Anyone Can Be a Detective

It's probably new to no one except me that Google has a reverse image search function, meaning that you can plug the image into the search bar, and if that picture is anywhere on the internet, Google will be able to find it. I learned that from Nev on Catfish.

This week, I decided to go Encyclopedia Brown on this guy's ass. "Kevin" had contacted me online a few years ago and sent his picture. We spoke for a few days, and then he started getting weird. He had a ridiculous obsession with girls in boyshorts. And would inexplicably send me pictures of girls...in boyshorts, most of them of a female "friend" of his. I started to get creeped out and stopped talking to him.

After my radio silence, he sent an email telling me that he had sent me a fake picture, and he actually wasn't who he said he was. He had sent a picture of his friend. My response was, "Well, can you fix me up with that guy," because he was pretty cute. And he answered, "Yeah, I guess I can ask if he'll talk to you." About a day later, I received a message from a "Mike". I was pretty sure that it was the same guy as "Kevin", but at this point, it was kind of amusing.

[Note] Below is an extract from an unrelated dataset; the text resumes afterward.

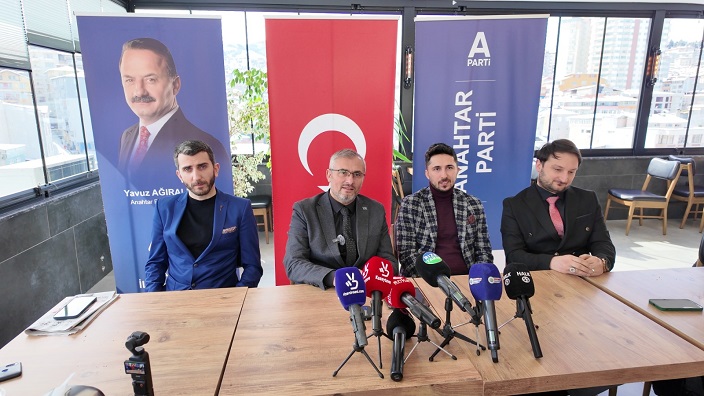 Anahtar Parti Genel Başkanı Yavuz Ağıralioğlu 28 Şubat’ta Rize’ye Geliyor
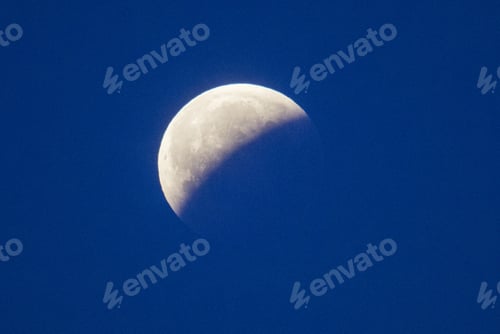 Preview: Beautiful scenery of lunar eclipse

Needless to say, I stopped talking to both Kevin and/or Mike within a day or so because he and/or they were just plain weird.

Going through some old emails for blog material, I came across the Kevin/Mike exchange and the guy's picture. Wondering who this guy might be, I plugged his image into Google. And his linkedin picture came up. [Just a note: no fairy-tale ending here, the real Kevin/Mike is married.]

Let's break down the facts, ma'am. Fake Kevin/Mike had about 8 pictures of this guy, and the female friend, AND the two of them together. So, it had to have been someone who had access to these pictures somehow. It was most likely someone that he knew. Doing a little bit more research from the name on the linkedin profile, I discovered real Kevin/Mike's facebook page and that he was married to the "female friend". Now, here was the dilemma. I would want to know if someone was sending my picture to strangers on the internet and claiming that it was me. I would especially want to know if he was sending pictures of my wife! But, I would also be kind of creeped out if some random girl Ace Ventura-ed me.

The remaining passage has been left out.